Whitfield has a soulful voice and an incredible range. And artistically, he’s been known to think a bit outside of the box, while maintaining the garage-rock-leaning soul music he’s been known for.

Readers can experience this one-of-a-kind artist and his band at Café Nine in New Haven on Dec. 17. Local experimental rock act Dan Soto’s Artificial Energy will be kicking things off at 9 p.m. 

RD: A lot of people know you as a full-throttle soul screamer of a musician in the vein of Little Richard, Wilson Pickett & Solomon Burke, but you’ve dabbled in other musical styles including country, rockabilly, progressive rock and avant-garde jazz. Do you consider yourself to be someone who is always looking to venture into new artistic territory, or is venturing through these various kinds of music just a reflection of your musical taste and what you’re into?

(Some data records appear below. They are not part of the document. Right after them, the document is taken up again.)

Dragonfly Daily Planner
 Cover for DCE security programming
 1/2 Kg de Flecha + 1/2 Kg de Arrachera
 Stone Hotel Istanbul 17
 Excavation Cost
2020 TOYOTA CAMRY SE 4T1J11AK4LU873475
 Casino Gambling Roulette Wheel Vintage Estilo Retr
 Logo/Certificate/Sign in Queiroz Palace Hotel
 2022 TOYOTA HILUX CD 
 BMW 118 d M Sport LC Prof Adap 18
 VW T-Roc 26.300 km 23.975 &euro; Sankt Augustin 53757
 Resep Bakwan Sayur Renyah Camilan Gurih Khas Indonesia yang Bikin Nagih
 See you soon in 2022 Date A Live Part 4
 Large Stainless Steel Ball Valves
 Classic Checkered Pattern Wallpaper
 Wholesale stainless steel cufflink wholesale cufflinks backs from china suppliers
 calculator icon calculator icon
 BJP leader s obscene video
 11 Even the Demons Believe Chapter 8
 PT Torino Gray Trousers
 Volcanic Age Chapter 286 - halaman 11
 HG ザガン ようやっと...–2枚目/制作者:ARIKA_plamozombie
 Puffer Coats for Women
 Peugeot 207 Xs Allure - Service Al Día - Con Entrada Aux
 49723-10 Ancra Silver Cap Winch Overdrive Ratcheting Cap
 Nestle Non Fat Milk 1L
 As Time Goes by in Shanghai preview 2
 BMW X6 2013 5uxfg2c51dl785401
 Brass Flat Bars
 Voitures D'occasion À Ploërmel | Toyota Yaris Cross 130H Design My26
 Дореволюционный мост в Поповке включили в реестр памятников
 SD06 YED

BW: I think it’s a combination of both. I’ve always been open to listening to different styles of music and if I got the chance to record certain things I just went ahead and did it through the interest of what I was doing. The last record I did was a Sun Ra thing that I’d always wanted to do and I got a chance to do it, it was different kinds of vocal styles that I normally did and it came out really well. I always like to dab into different projects and styles of music. 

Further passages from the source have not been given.